*EXERCISE OBJECTIVE:* Your job is to return each record exactly, minus any pictures.
PROVIDED MATERIAL Start Marker
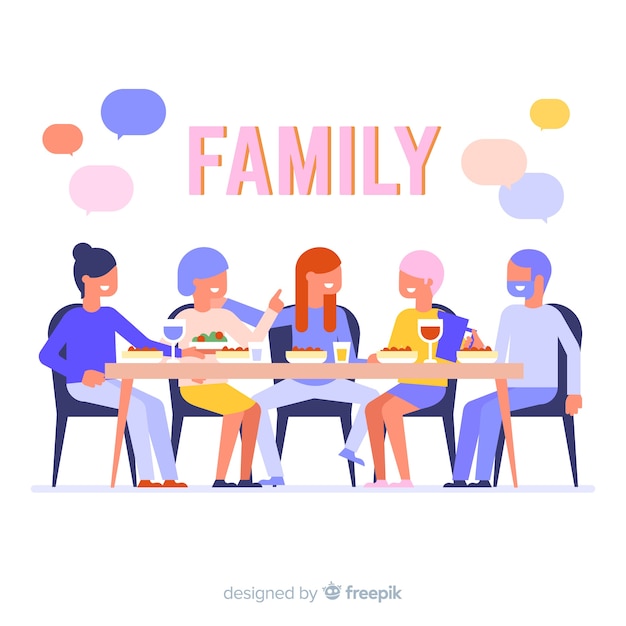 Бесплатное векторное изображение Плоская семья сидит за столом иллюстрации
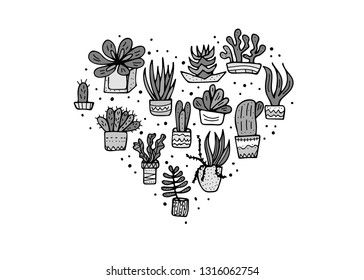 Succulents in doodle style. Set of house plants. Heart shape composition. Poster, banner, greeting card, print isolated elements. Vector black and white design illustration.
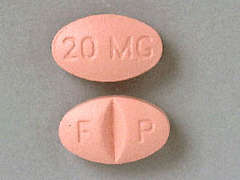 This is a pink oval Tablet imprinted with 20 MG on the front, F  P on the back, and is manufactured by FOREST/ALLERGAN.
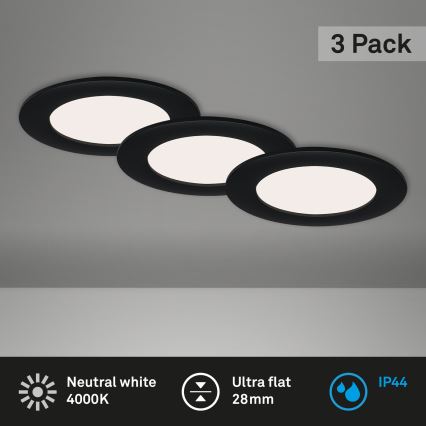 Brilo - SET od 3 LED ugradnih svjetala za kupaonicu FLAT LED/6W/230V IP44 crna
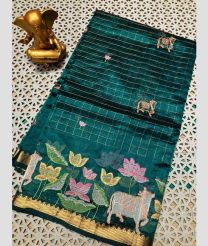 teal blue colour mangalagiri pattu sarees with All over Checks design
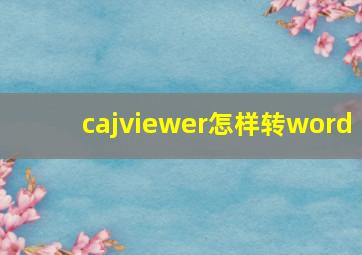 cajviewer怎样转word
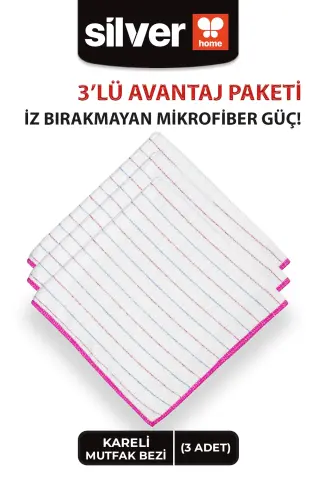 دستمال آشپزخانه 40x40 سانتی‌متری با لبه‌دوزی، طرح راه‌راه و چهارخانه، رنگ صورتی، جذب‌کننده، بسته 3 عددی
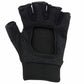 Black half-finger glove with honeycomb pattern on a white background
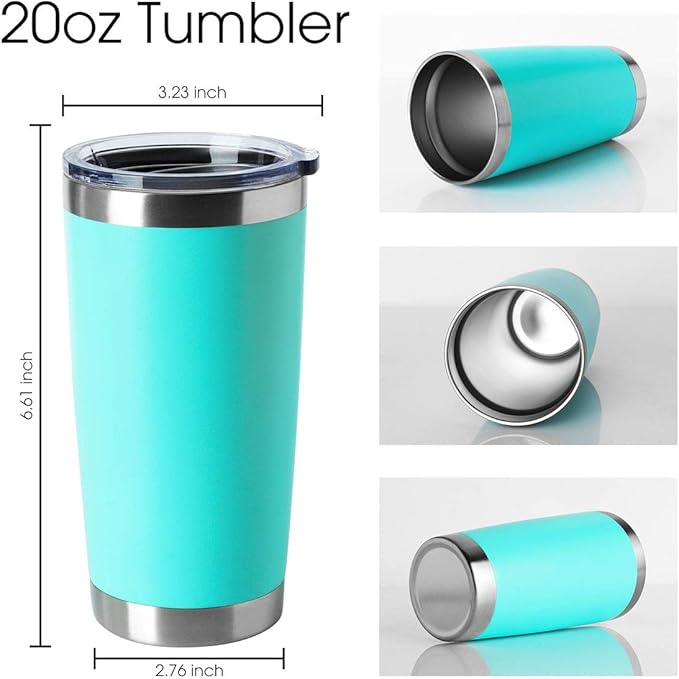 HASLE OUTFITTERS 20oz Stainless Steel Tumblers Bulk, Insulated Travel Cup with Lid, Double Wall Vacuum Coffee Mug for Cold & Hot Drinks 4 Pack, Light Blue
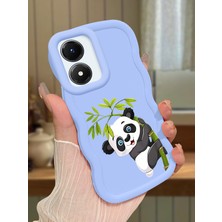 HONTINGA Vivo Y02S Uyumlu Kılıf Düşüme Önleyici Basitlik Anti Düşme Kamera Koruyucu Basit Mavi Yumuşak Silikon Couple Telefon Kılıfı Panda Desen K9-0266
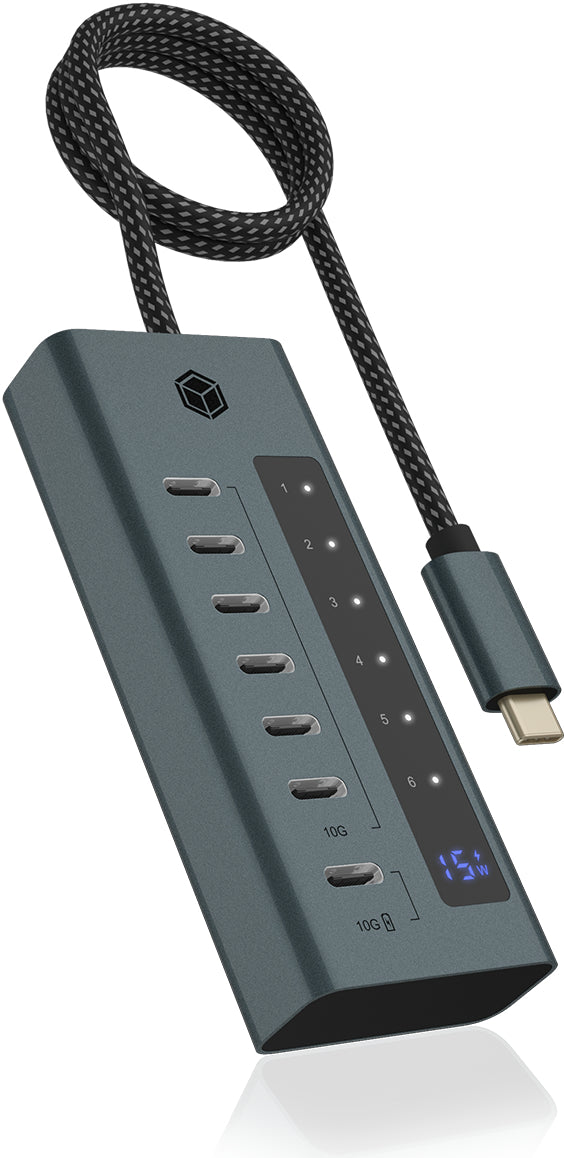 ICY BOX IBHUB1457 USB-Hub – USB-C, 7× USB-C, 20 W PD, für Windows/Mac
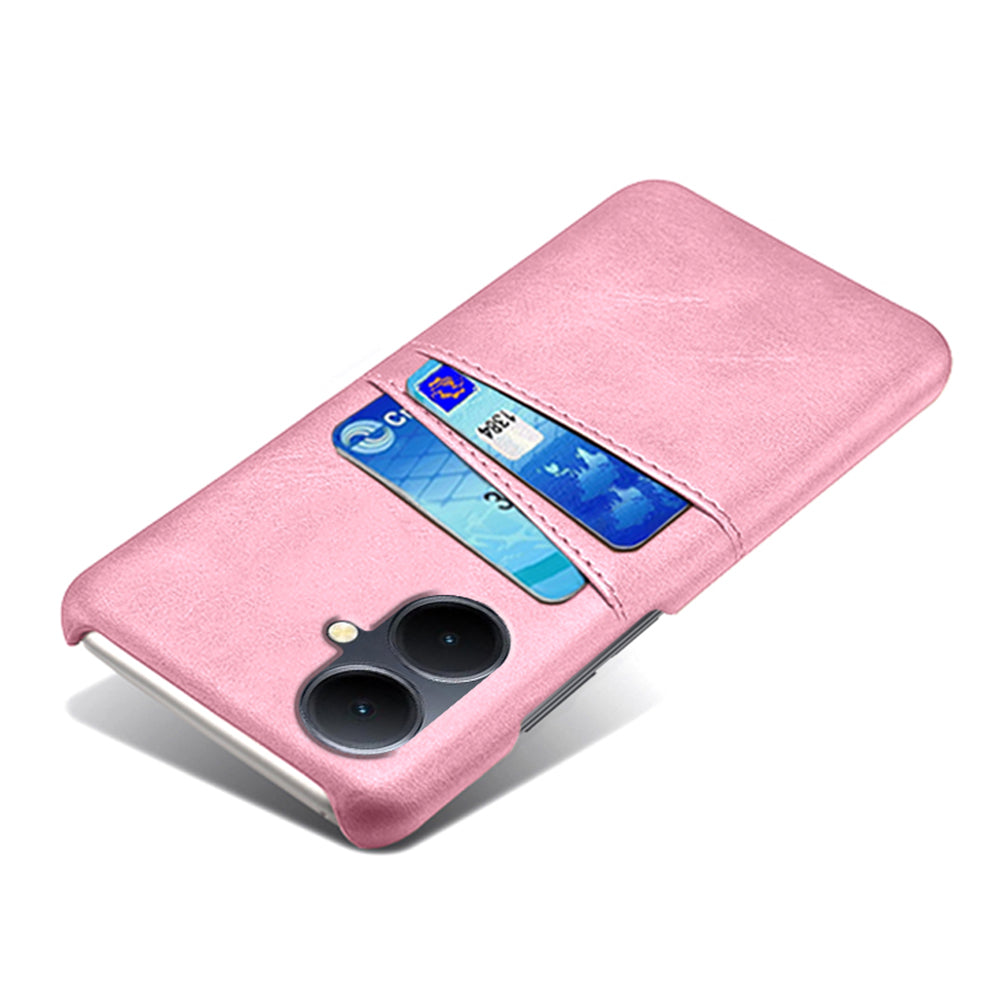 Dual Card Slots Phone Cover for vivo Y78+ 5G , PU Leather Coated PC Protective Case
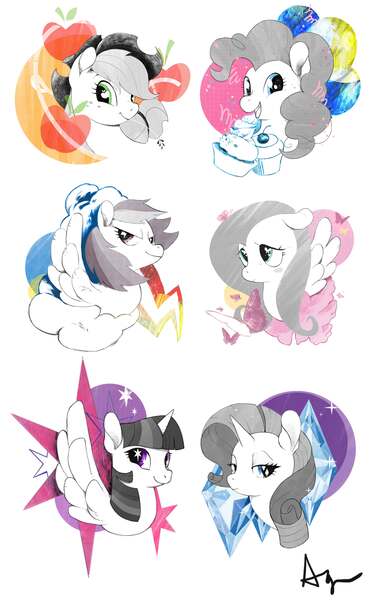 Size: 6614x10630 | Tagged: safe, artist:angstfish, banned from derpibooru, deleted from derpibooru, derpibooru import, applejack, fluttershy, pinkie pie, rainbow dash, rarity, twilight sparkle, twilight sparkle (alicorn), alicorn, butterfly, earth pony, pegasus, pony, unicorn, absurd resolution, apple eyes, cloud, cupcake, cutie mark, cutie mark eyes, food, happy, lidded eyes, mane six, smiling, starry eyes, wingding eyes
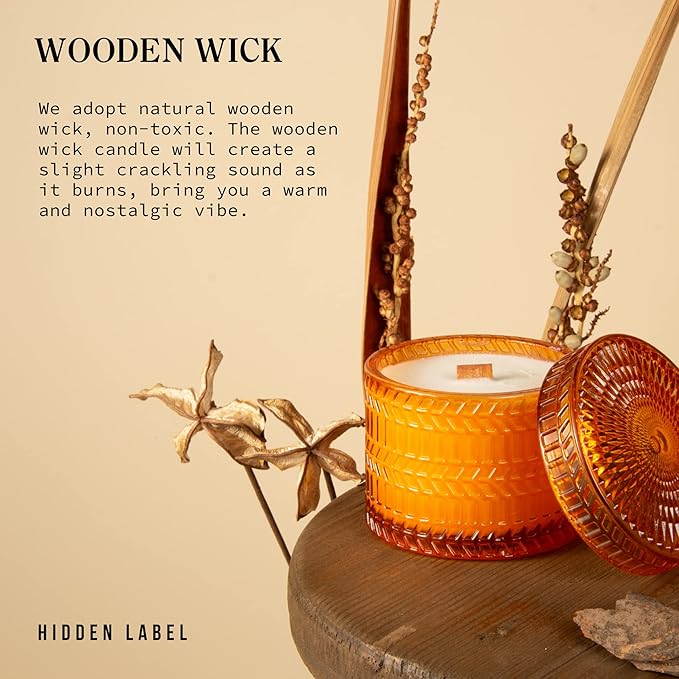 Hidden Label Zesty Bergamot Scented Candles for Home Scented, Candle Gifts for Women,Crackling Wood Wick Soy Candles, 7.4oz Glass Decorative Jar - Bloomnest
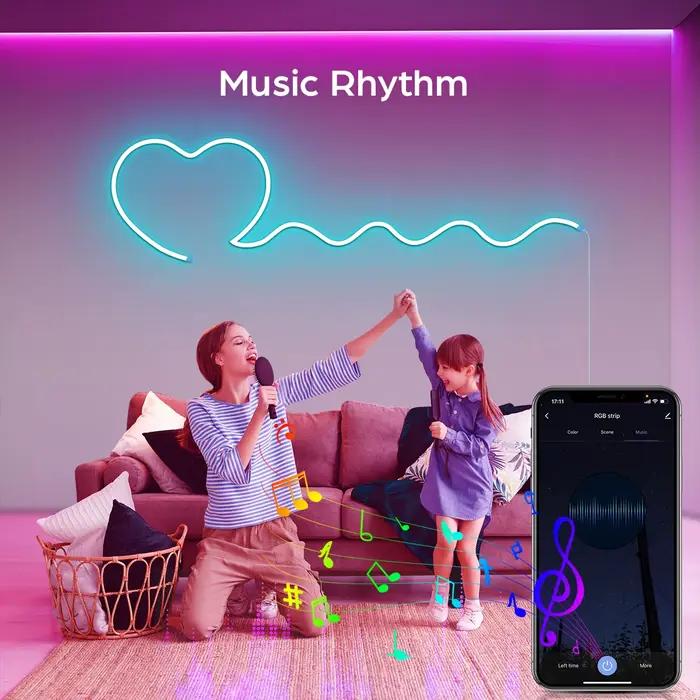 Bande lumineuse LED COB WiFi RGB flexible imperméable pour salon bureau télévision rétro-éclairage avec contrôle Wi-Fi Alexa Google Assistant pour ambiance personnelle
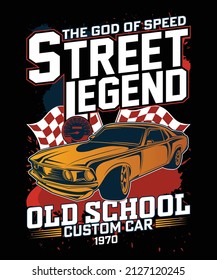 Old School Custom Car Vector Art Work, Vector vintage sport racing T-shirt design Vintage typography, sports racing car, old school race poster. retro race car set.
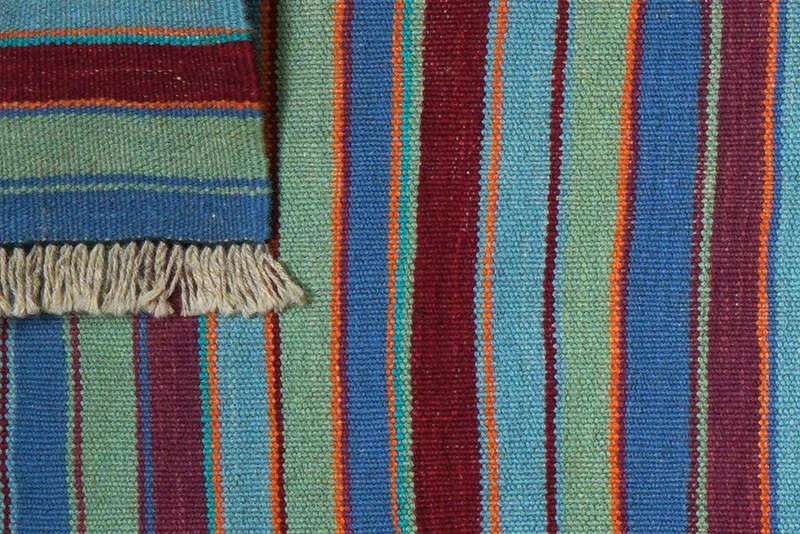 Kelim Gashgai · Handgewebt – Blau, 195x56 cm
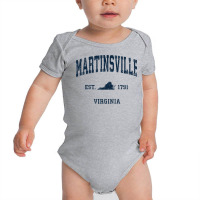 Martinsville Virginia Va Vintage Athletic Navy Sports Design Long Slee Baby Bodysuit | Artistshot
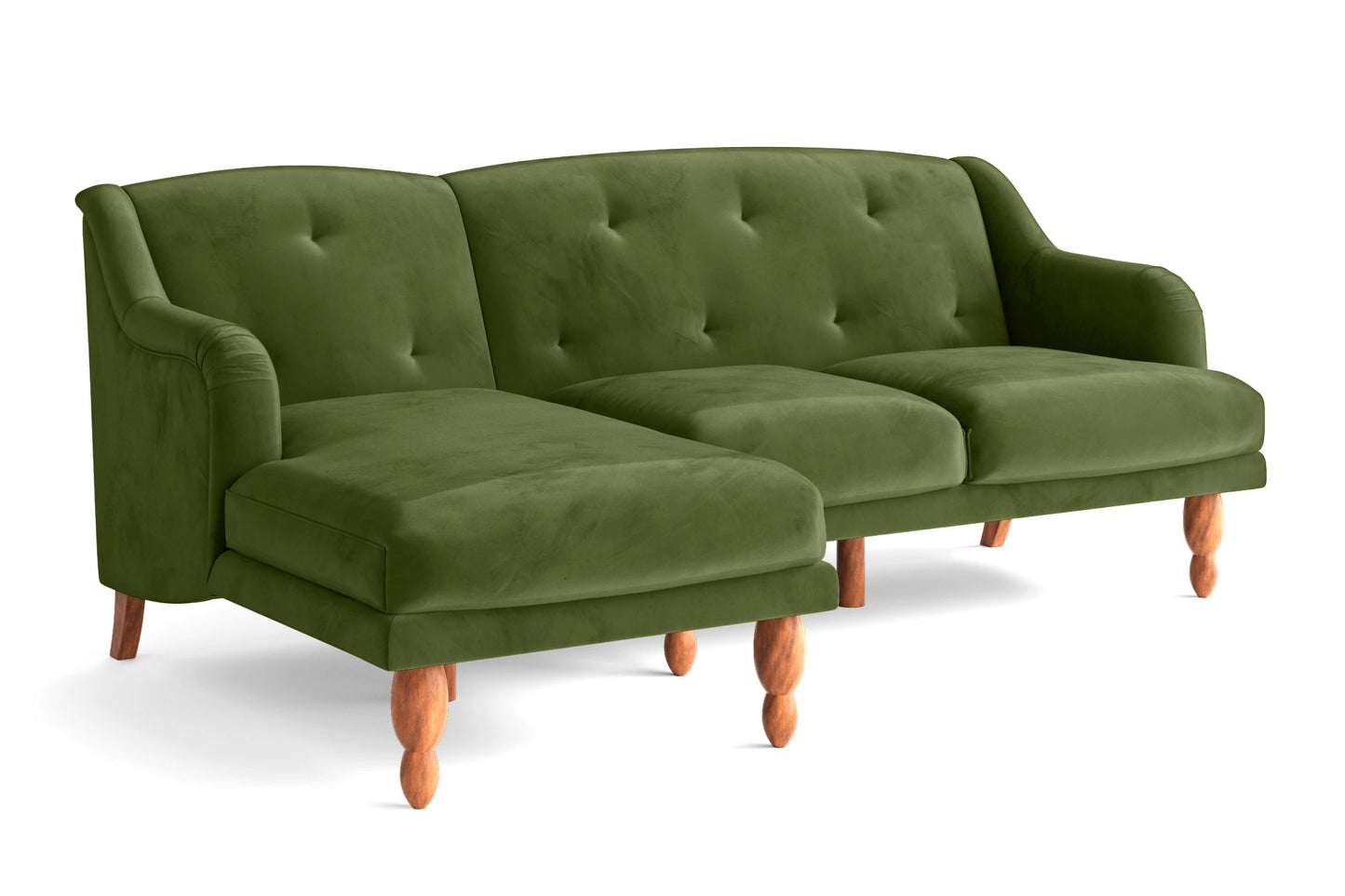 Burlington 3 Seater Left Hand Facing Chaise Lounge Corner Sofa Lime Velvet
PROVIDED MATERIAL End Marker
*EXERCISE RESULT:*
 Бесплатное векторное изображение Плоская семья сидит за столом иллюстрации
 Succulents in doodle style. Set of house plants. Heart shape composition. Poster, banner, greeting card, print isolated elements. Vector black and white design illustration.
 This is a pink oval Tablet imprinted with 20 MG on the front, F  P on the back, and is manufactured by FOREST/ALLERGAN.
 Brilo - SET od 3 LED ugradnih svjetala za kupaonicu FLAT LED/6W/230V IP44 crna
 teal blue colour mangalagiri pattu sarees with All over Checks design
 cajviewer怎样转word
 دستمال آشپزخانه 40x40 سانتی‌متری با لبه‌دوزی، طرح راه‌راه و چهارخانه، رنگ صورتی، جذب‌کننده، بسته 3 عددی
 Black half-finger glove with honeycomb pattern on a white background
 HASLE OUTFITTERS 20oz Stainless Steel Tumblers Bulk, Insulated Travel Cup with Lid, Double Wall Vacuum Coffee Mug for Cold & Hot Drinks 4 Pack, Light Blue
 HONTINGA Vivo Y02S Uyumlu Kılıf Düşüme Önleyici Basitlik Anti Düşme Kamera Koruyucu Basit Mavi Yumuşak Silikon Couple Telefon Kılıfı Panda Desen K9-0266
 ICY BOX IBHUB1457 USB-Hub – USB-C, 7× USB-C, 20 W PD, für Windows/Mac
 Dual Card Slots Phone Cover for vivo Y78+ 5G , PU Leather Coated PC Protective Case
 Size: 6614x10630 | Tagged: safe, artist:angstfish, banned from derpibooru, deleted from derpibooru, derpibooru import, applejack, fluttershy, pinkie pie, rainbow dash, rarity, twilight sparkle, twilight sparkle (alicorn), alicorn, butterfly, earth pony, pegasus, pony, unicorn, absurd resolution, apple eyes, cloud, cupcake, cutie mark, cutie mark eyes, food, happy, lidded eyes, mane six, smiling, starry eyes, wingding eyes
 Hidden Label Zesty Bergamot Scented Candles for Home Scented, Candle Gifts for Women,Crackling Wood Wick Soy Candles, 7.4oz Glass Decorative Jar - Bloomnest
 Bande lumineuse LED COB WiFi RGB flexible imperméable pour salon bureau télévision rétro-éclairage avec contrôle Wi-Fi Alexa Google Assistant pour ambiance personnelle
 Old School Custom Car Vector Art Work, Vector vintage sport racing T-shirt design Vintage typography, sports racing car, old school race poster. retro race car set.
 Kelim Gashgai · Handgewebt – Blau, 195x56 cm
 Martinsville Virginia Va Vintage Athletic Navy Sports Design Long Slee Baby Bodysuit | Artistshot
 Burlington 3 Seater Left Hand Facing Chaise Lounge Corner Sofa Lime Velvet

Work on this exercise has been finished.